Puerto Rico does indeed have a long history, from its modern beginnings when Christopher Columbus landed on Puerto Rico, but even before that to the time of the Taino people when the island was called “Borinquen”.

View Larger Map

Satellite view of Puerto Rico

When Christopher Columbus on his second trip in 1493 landed in Puerto Rico and claimed the new land for Spain, he found the island inhabited by Taino Indians, who were friendly compared to the Indians in some of the more southern islands, which were cannibals. The conquest of the island didn’t take long, and the Tainos were put to work as slaves for the purpose of mining the gold that was found on the island. The gold didn’t last long and in 1511 there was a rebellion by the Taino indians which believed that the Spaniards were Gods. However, it wasn’t the Spanish settlers that killed the Taino so quickly, but the diseases that were brought from Europe and for which the Tainos had no cures.

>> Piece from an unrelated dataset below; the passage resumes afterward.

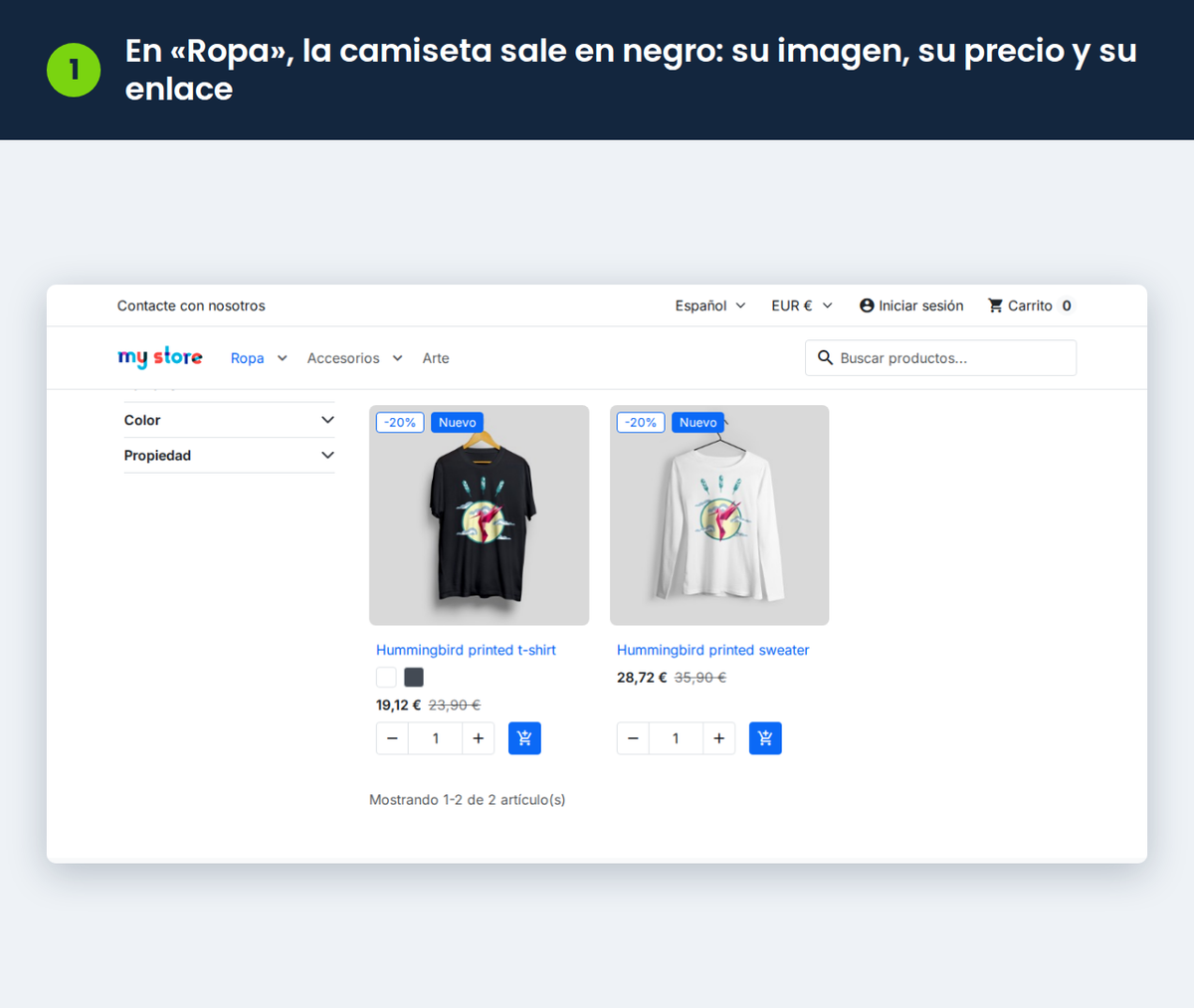 En «Ropa», la camiseta sale en negro: su imagen, su precio y su enlace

The island remained Spanish despite many attempts by pirates and English and Dutch expeditions to conquer the island. To defend the island against these attacks, two forts, El Morro and San Cristobal, were built to guard the approaches to San Juan harbor. Defense by these forts prevented attempts by an English fleet in 1595 , another English fleet in 1598, and by a Dutch fleet in 1625 to capture Puerto Rico for their empires. Another defeat of the British fleet in 1797 finally stopped that country’s desire of the island, and the Spanish colony was kept under spanish rule. During the 16th to the 19th century Puerto Rico was primarily underpopulated and suffered poverty and neglect by Spain. Puerto Rico was mainly a port for the ships that would pass the island on their way to and from the other richer colonies. During this time many years would pass between the arrival of ships from Spain since trade with other countries was prohibited. The island turned to contraband trading with ships from England, or whomever would trade for the produce of the island which at that time, ginger was the main product. This continued until Spain’s law was changed to allow unrestricted trade with its neighboring colonies.

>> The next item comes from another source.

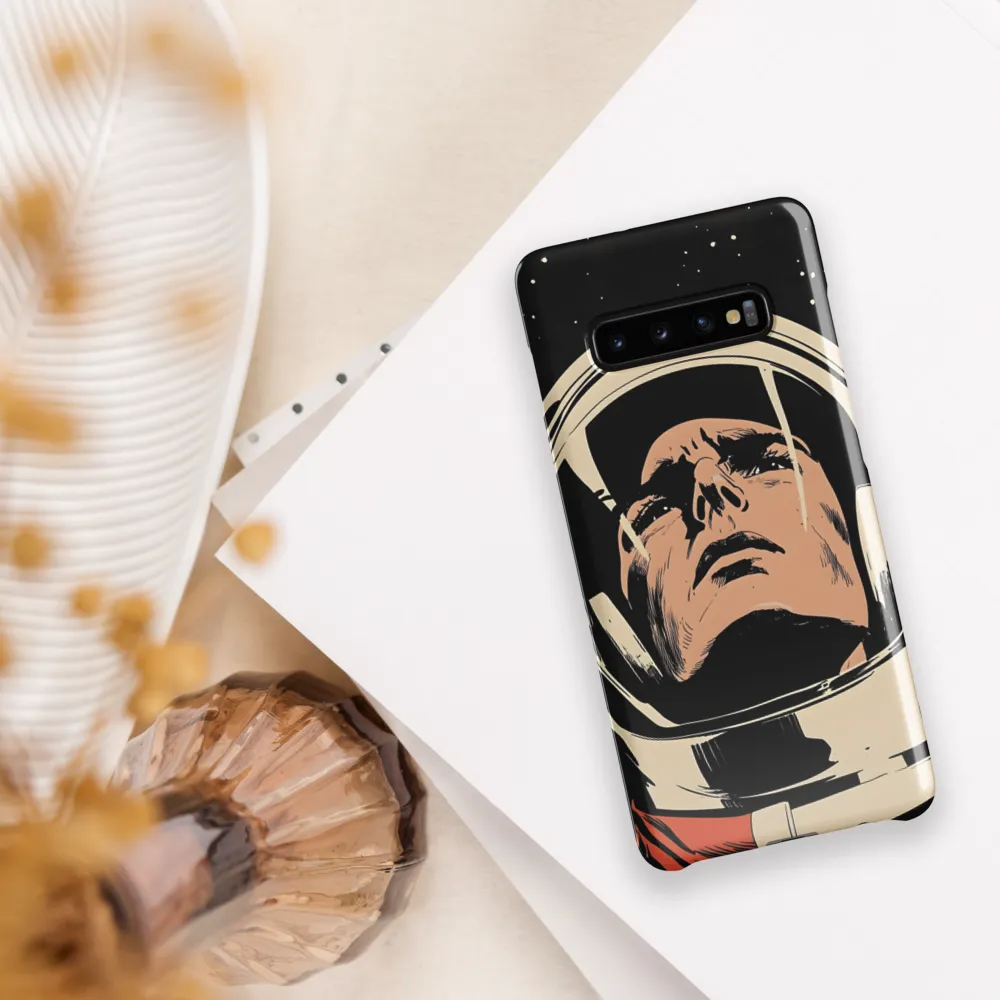 Gaze of the Astronaut | Phone Case |  S10 Plus | Snap Case | Glossy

The 19th century in Puerto Rico was depicted by governors who stopped the independence movements in Puerto Rico. Slavery and the importation of slaves reached its peak, with the need for workers on the sugar and coffee plantations. Slavery was finally abolished in Puerto Rico in 1873. During this time there was also increased immigration from the colonies that were being lost by Spain and this increase of people and capital allowed for the creation of many towns and cities. The economy grew as a result and export became prominent, especially coffee and sugar. In 1897 home rule was established for the first time and Puerto Rico was given the status of a spanish dominion. This was short lived, the United States defeated Spain in the Spanish-American war and was ceded Puerto Rico in 1898.